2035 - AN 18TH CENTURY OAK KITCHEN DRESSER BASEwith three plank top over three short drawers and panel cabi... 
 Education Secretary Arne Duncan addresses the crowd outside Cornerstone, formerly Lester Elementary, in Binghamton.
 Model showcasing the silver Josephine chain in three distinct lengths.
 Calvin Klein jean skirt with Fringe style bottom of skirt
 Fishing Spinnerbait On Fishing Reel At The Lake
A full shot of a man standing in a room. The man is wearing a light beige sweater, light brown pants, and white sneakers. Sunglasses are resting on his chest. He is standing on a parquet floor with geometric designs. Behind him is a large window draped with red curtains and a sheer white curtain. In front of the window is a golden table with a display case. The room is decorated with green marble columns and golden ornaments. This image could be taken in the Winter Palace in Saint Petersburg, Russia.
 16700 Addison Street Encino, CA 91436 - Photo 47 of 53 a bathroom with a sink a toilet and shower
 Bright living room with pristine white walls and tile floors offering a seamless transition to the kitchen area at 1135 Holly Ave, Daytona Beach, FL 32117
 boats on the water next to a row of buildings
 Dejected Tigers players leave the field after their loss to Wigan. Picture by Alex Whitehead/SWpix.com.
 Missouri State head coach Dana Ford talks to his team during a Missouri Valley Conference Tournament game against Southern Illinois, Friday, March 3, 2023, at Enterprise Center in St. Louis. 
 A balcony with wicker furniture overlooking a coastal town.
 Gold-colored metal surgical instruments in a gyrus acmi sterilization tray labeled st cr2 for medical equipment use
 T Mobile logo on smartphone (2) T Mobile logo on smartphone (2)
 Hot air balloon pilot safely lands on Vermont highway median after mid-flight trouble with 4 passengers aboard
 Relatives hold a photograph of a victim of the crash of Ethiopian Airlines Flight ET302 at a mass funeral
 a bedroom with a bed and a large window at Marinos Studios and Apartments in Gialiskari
□ □ □ □ □ □ □
Work to complete
Would you transcribe every entry exactly?

Result for this exercise
2035 - AN 18TH CENTURY OAK KITCHEN DRESSER BASEwith three plank top over three short drawers and panel cabi... 
 Education Secretary Arne Duncan addresses the crowd outside Cornerstone, formerly Lester Elementary, in Binghamton.
 Model showcasing the silver Josephine chain in three distinct lengths.
 Calvin Klein jean skirt with Fringe style bottom of skirt
 Fishing Spinnerbait On Fishing Reel At The Lake
A full shot of a man standing in a room. The man is wearing a light beige sweater, light brown pants, and white sneakers. Sunglasses are resting on his chest. He is standing on a parquet floor with geometric designs. Behind him is a large window draped with red curtains and a sheer white curtain. In front of the window is a golden table with a display case. The room is decorated with green marble columns and golden ornaments. This image could be taken in the Winter Palace in Saint Petersburg, Russia.
 16700 Addison Street Encino, CA 91436 - Photo 47 of 53 a bathroom with a sink a toilet and shower
 Bright living room with pristine white walls and tile floors offering a seamless transition to the kitchen area at 1135 Holly Ave, Daytona Beach, FL 32117
 boats on the water next to a row of buildings
 Dejected Tigers players leave the field after their loss to Wigan. Picture by Alex Whitehead/SWpix.com.
 Missouri State head coach Dana Ford talks to his team during a Missouri Valley Conference Tournament game against Southern Illinois, Friday, March 3, 2023, at Enterprise Center in St. Louis. 
 A balcony with wicker furniture overlooking a coastal town.
 Gold-colored metal surgical instruments in a gyrus acmi sterilization tray labeled st cr2 for medical equipment use
 T Mobile logo on smartphone (2) T Mobile logo on smartphone (2)
 Hot air balloon pilot safely lands on Vermont highway median after mid-flight trouble with 4 passengers aboard
 Relatives hold a photograph of a victim of the crash of Ethiopian Airlines Flight ET302 at a mass funeral
 a bedroom with a bed and a large window at Marinos Studios and Apartments in Gialiskari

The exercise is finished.